> Work task: Would you please return the line containing "EIM-100 Ice Making Machines" and all the lines after it through the end of the records below, unchanged and on their own?

> Available records:

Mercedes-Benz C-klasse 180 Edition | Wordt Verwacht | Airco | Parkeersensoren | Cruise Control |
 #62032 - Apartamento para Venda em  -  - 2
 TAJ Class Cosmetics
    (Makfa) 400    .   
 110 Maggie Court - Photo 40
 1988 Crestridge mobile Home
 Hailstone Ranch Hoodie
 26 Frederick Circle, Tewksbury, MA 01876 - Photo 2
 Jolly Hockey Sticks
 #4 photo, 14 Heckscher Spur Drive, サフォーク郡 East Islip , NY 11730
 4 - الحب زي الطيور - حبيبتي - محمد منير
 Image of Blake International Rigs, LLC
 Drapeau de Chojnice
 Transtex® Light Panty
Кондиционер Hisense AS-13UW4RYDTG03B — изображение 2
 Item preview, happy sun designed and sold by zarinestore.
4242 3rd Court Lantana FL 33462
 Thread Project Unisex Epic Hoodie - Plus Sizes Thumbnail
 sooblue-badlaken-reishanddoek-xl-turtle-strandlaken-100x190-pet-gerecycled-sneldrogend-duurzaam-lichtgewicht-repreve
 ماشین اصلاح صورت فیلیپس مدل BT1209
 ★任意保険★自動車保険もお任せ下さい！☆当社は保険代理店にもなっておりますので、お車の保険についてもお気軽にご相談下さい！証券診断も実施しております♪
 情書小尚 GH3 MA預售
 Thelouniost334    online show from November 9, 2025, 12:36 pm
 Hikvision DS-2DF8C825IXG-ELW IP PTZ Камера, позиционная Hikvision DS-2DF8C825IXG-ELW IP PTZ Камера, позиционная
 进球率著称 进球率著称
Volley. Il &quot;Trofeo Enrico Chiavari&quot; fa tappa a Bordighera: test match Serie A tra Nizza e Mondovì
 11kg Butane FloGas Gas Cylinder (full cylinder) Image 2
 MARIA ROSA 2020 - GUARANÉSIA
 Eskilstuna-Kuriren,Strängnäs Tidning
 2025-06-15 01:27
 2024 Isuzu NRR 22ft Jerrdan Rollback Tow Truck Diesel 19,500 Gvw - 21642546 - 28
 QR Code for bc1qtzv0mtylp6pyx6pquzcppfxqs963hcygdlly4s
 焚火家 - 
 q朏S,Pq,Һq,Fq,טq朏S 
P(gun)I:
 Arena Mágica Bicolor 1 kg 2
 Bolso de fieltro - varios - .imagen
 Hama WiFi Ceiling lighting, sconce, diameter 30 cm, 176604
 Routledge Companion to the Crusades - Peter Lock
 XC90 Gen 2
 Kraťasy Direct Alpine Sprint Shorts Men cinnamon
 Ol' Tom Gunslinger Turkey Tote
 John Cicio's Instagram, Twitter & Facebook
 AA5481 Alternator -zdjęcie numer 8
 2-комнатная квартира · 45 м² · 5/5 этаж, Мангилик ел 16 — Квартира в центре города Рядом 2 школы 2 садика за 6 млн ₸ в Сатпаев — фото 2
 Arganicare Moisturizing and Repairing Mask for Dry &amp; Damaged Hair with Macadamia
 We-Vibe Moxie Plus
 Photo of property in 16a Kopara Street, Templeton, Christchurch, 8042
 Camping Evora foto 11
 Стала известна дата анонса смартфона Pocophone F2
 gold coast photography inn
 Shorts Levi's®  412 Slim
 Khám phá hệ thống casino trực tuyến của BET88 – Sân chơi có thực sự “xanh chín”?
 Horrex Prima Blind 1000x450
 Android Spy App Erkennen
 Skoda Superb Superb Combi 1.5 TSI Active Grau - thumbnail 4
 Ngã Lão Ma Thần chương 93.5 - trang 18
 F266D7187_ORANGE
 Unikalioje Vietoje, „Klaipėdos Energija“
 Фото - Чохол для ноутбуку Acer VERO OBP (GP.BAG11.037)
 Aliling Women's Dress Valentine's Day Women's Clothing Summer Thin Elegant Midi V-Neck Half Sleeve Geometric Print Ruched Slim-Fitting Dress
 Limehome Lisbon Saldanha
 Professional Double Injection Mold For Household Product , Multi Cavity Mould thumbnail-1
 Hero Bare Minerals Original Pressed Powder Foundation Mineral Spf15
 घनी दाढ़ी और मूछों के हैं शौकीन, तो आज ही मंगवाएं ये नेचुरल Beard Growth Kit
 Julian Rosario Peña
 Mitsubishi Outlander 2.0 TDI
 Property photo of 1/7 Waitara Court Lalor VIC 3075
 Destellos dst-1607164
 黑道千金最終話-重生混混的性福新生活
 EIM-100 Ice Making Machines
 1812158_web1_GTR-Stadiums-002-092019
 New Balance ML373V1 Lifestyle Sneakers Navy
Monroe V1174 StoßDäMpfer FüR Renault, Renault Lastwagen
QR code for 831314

> Response area:
 EIM-100 Ice Making Machines
 1812158_web1_GTR-Stadiums-002-092019
 New Balance ML373V1 Lifestyle Sneakers Navy
Monroe V1174 StoßDäMpfer FüR Renault, Renault Lastwagen
QR code for 831314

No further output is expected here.